### Directions
Only the lines holding "everyone" are wanted here; copy each from the listing.

### Records
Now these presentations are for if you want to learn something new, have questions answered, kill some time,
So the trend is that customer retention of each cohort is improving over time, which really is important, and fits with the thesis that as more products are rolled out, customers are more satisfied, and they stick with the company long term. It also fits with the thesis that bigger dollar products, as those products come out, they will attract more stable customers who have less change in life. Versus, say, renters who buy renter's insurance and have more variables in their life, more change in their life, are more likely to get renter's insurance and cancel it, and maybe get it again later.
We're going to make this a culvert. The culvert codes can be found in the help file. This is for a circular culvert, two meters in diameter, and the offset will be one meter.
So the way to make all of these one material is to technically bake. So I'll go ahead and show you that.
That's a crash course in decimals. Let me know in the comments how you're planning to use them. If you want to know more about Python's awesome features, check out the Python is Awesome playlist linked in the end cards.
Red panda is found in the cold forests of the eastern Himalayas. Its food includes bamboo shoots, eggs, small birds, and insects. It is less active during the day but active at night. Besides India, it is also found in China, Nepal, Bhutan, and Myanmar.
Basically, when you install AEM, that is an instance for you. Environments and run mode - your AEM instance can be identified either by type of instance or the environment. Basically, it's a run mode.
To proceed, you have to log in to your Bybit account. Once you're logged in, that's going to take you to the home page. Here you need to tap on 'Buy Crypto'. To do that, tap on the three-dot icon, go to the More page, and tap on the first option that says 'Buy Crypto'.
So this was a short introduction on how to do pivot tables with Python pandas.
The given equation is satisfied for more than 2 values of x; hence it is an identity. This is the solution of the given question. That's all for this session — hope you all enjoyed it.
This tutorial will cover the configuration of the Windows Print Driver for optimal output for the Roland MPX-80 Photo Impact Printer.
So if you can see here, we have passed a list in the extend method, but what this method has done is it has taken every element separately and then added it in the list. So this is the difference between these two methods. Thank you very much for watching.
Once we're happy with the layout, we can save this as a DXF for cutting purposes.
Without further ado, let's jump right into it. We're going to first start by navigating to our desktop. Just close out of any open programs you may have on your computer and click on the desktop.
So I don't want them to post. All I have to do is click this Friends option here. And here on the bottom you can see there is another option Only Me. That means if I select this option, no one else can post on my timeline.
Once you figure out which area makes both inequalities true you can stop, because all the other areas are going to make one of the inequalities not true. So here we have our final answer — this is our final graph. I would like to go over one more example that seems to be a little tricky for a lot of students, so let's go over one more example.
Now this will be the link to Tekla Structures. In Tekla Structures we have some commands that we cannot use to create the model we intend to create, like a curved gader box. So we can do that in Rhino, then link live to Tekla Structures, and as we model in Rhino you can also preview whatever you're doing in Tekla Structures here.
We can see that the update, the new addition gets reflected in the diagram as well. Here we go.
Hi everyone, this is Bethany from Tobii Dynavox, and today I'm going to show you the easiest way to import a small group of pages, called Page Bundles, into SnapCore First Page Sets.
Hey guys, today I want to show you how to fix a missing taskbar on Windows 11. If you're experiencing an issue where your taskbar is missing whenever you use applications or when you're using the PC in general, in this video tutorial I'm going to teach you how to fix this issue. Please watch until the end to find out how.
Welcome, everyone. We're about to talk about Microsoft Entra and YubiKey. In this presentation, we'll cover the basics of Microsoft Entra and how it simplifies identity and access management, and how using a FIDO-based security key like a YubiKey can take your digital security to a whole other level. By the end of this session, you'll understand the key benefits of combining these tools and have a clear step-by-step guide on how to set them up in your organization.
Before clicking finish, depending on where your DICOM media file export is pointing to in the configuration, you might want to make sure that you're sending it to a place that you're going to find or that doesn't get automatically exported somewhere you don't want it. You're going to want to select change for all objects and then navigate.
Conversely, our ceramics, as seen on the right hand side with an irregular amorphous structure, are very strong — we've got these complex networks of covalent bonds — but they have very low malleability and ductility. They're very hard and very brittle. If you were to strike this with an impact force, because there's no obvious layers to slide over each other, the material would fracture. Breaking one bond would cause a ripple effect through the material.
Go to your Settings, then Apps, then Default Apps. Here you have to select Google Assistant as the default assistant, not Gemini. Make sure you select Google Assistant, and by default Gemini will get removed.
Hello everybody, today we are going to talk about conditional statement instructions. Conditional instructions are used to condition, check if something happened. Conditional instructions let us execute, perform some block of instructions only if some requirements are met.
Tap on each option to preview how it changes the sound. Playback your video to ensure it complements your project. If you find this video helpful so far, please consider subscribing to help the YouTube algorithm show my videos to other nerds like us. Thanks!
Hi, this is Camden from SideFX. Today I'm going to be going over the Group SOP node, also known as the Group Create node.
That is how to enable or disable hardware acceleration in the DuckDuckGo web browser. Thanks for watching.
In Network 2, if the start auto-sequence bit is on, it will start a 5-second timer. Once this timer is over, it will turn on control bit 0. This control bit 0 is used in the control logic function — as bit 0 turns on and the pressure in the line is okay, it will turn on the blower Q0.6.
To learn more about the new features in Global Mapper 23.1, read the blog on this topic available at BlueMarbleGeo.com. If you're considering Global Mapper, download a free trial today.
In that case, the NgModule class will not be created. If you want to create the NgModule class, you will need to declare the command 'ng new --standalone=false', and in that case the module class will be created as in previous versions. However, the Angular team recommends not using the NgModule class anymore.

### Response for this exercise
Hi everyone, this is Bethany from Tobii Dynavox, and today I'm going to show you the easiest way to import a small group of pages, called Page Bundles, into SnapCore First Page Sets.
Welcome, everyone. We're about to talk about Microsoft Entra and YubiKey. In this presentation, we'll cover the basics of Microsoft Entra and how it simplifies identity and access management, and how using a FIDO-based security key like a YubiKey can take your digital security to a whole other level. By the end of this session, you'll understand the key benefits of combining these tools and have a clear step-by-step guide on how to set them up in your organization.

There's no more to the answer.